1995). Since its formation in 2021, the duo has carved out a distinctive
trajectory in contemporary Korean art through multi-media works centered on
queer discourse—particularly lesbian narratives. Crossing genres such as video,
performance, installation, sculpture, and painting, they have persistently
experimented with subverting fixed notions of identity and reconstructing
space-times for existences outside of normative frameworks.
Their
founding work, Lubricant(2021), and its expanded form in
their first solo exhibition 《Lubricant》 (Windmill, 2022) placed queer—particularly lesbian—sexuality at the
center, twisting fixed visual and conceptual frameworks of gender while
responding to the discordant timelines of the present. In this context, they
summoned generational queer experiences through the Russian female music duo
t.A.T.u. in Lantern, reflected club culture
in LATE(X), and transformed the exhibition space into a
lesbian club in the performance Lick my heart, creating
a platform for articulating previously unseen lives and desires.
Yagwang
subsequently expanded into fictional narratives centered on invisible beings,
non-normative characters, and surplus figures.

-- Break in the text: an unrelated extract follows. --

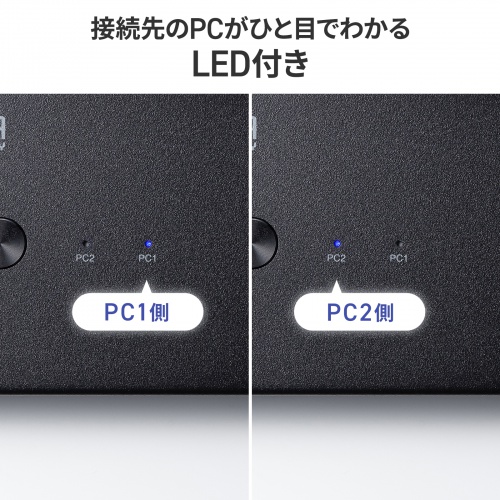 SW-KVM22HCCDK / デュアルディスプレイ対応パソコン切替器(Type-C接続・手元スイッチ付き・2:1)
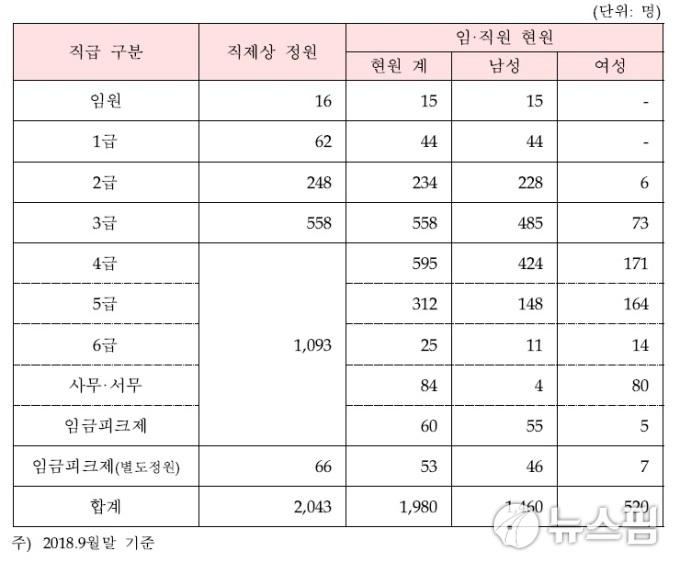 윤석헌 금감원장 “5년 안에 3급 고위직 35%로 축소”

In 《KIND》 (PS Center, 2024), they experimented
with porous space-time where reality and fiction overlap, through the video
work Intruder, a physical recreation of its setting,
and the live performance Raw Proof staged in real
space.
In 《The Poor》 (Museumhead, 2025), they addressed
the intertwined nature of sexual and class identities through the
sculpture Sculpture for Visitor (2023) and the
video Visitor, engaging with narratives embedded in the
spatiality of motels, such as sex work, temporary lodging, and the social
periphery. Here, the transformed body as “trespasser” and “occupier” intersects
with the shadow of reproductive labor, revealing multi-layered identities.
Most
recently, in the group exhibition 《Young Korean Artists 2025: Here and Now》 at
the National Museum of Modern and Contemporary Art, the video
work Dark Ride (2025) avoided objectifying the
sensation of “fear,” instead using it as a medium to intersect social
discourses on gender, labor, and care. Viewed through the eyes of a theme park
haunted house worker, the work exposes the conditions of real-life fear
embedded in everyday life, demonstrating the consistent expansion of Yagwang’s
socio-gender consciousness.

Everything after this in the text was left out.